The Story
Why it exists.
The beginning
Yoyogi Park sits in the heart of Tokyo, a green rectangle surrounded by the city's constant hum. It's the kind of place people run through at 6am, before the vending machines start clicking and the trains start carrying their weight. Comme des Garcons chose it as a named inspiration because it represents something specific: a pocket of calm inside something relentlessly active. The fragrance captures that exact feeling, not escape from the city, but the city's permission to breathe.
The four-note structure is deceptively minimal. Cypress brings a meditative, almost resinous evergreen quality that feels distinctly Japanese, contemplative rather than fresh-cut bathroom. Wormwood adds a bitter, medicinal edge that prevents chamomile from going tea-soft.

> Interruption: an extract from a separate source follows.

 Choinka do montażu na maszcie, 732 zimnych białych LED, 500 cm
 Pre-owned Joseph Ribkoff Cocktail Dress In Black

The grass note isn't the sharp mown-lawn cliché; it's the green, slightly damp smell of a park at dawn, when the dew is still on the blades and the city hasn't warmed up enough to push its heat into the air. These four materials don't compete. They overlap.
The evolution
The opening announces cypress first, that clean, sharp evergreen cut that reads as morning air in a bottle. Within minutes, the grass note threads through, wet and green, the dew-on-blades moment. The heart phase shifts toward the herbal: wormwood's bitter-resinous quality emerges alongside chamomile's softer, sweeter herb. Not a dramatic transition, more like the sun climbing higher, the park warming up, the empty space filling in. The drydown strips back to a quiet woodiness. Cypress bark. Dried stems. The ghost of morning dew. It doesn't project. It stays close, intimate, a meditative quiet that lasts through a full workday without announcing itself.
Cultural impact
Part of the CDG Monocle collaboration series, Yoyogi sits in a specific corner of niche perfumery: green, minimal, Japanese in sensibility but not in ingredient tourism. It doesn't try to smell like Tokyo, it tries to smell like a specific feeling inside Tokyo. The response has been quietly enthusiastic, with wearers consistently describing it as the fragrance for people who want to smell like they've been outside, not like they've applied something.